● **Exercise description**: Your answer must consist of exactly the lines below, starting with the line with "unfurnished sunroom with" and going on through the line with "High-end master bathroom", and nothing else.

● **Data under study**:
***

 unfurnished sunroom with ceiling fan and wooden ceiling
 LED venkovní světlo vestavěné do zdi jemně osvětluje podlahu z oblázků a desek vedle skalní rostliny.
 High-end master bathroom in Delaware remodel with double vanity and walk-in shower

***

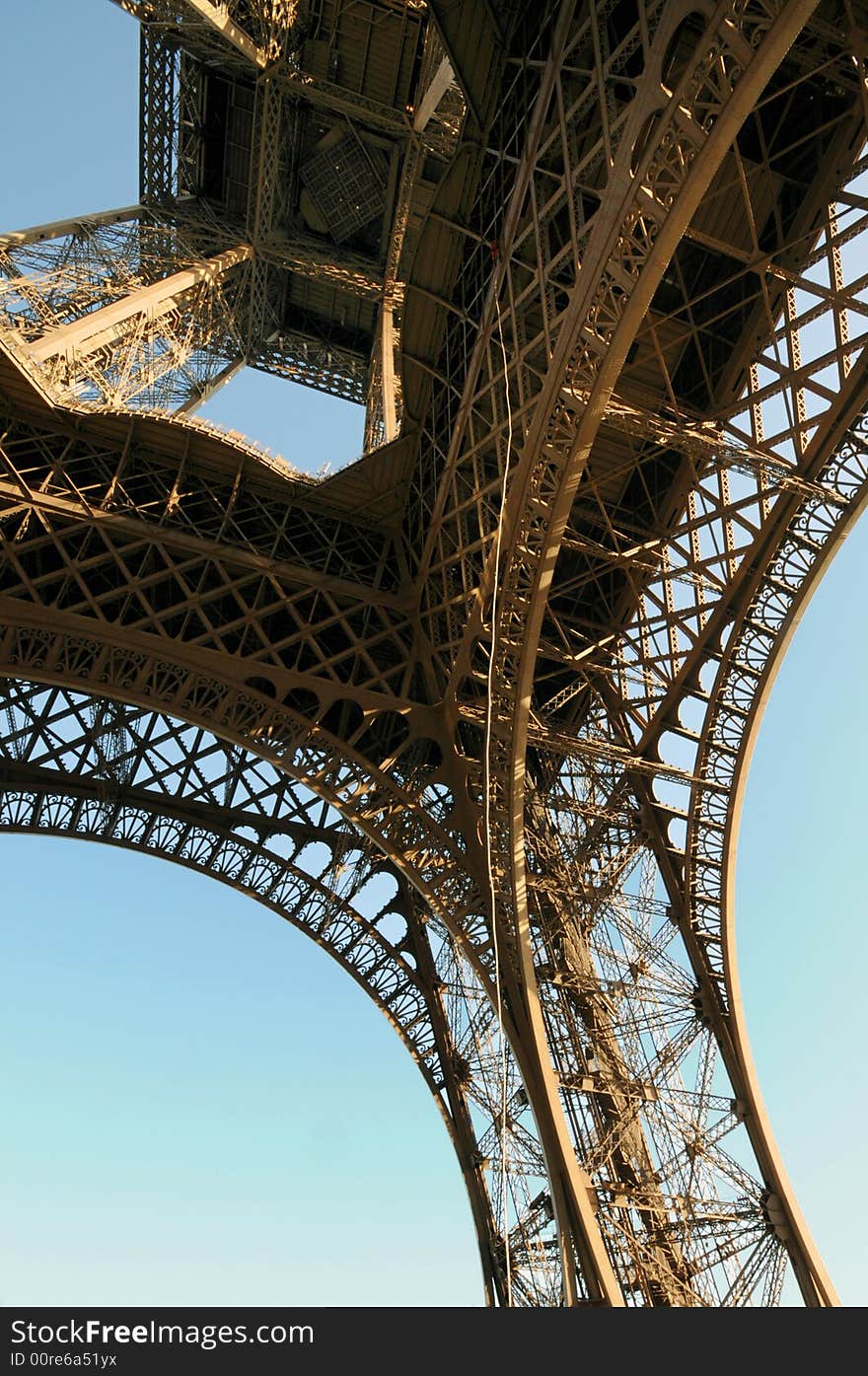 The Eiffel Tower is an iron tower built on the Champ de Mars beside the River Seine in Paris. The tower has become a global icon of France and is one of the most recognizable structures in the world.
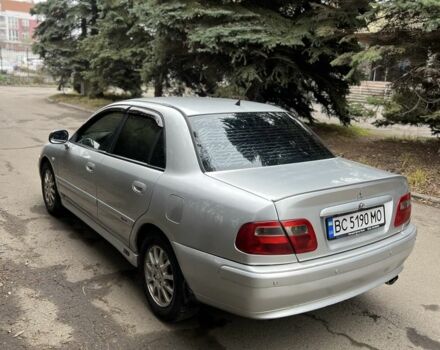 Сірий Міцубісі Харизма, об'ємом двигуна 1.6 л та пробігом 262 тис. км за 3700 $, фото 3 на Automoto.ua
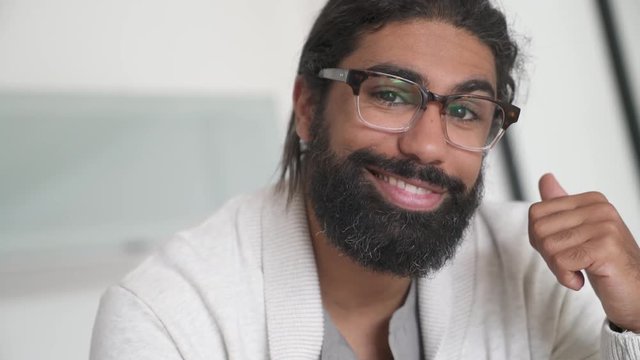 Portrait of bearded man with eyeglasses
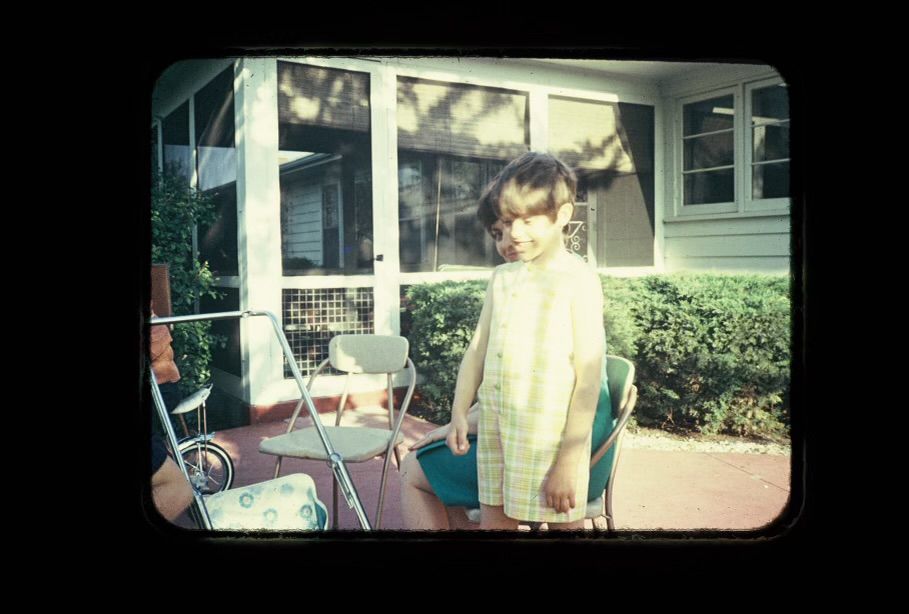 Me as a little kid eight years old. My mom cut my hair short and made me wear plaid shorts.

***

● **Answer**:
 unfurnished sunroom with ceiling fan and wooden ceiling
 LED venkovní světlo vestavěné do zdi jemně osvětluje podlahu z oblázků a desek vedle skalní rostliny.
 High-end master bathroom in Delaware remodel with double vanity and walk-in shower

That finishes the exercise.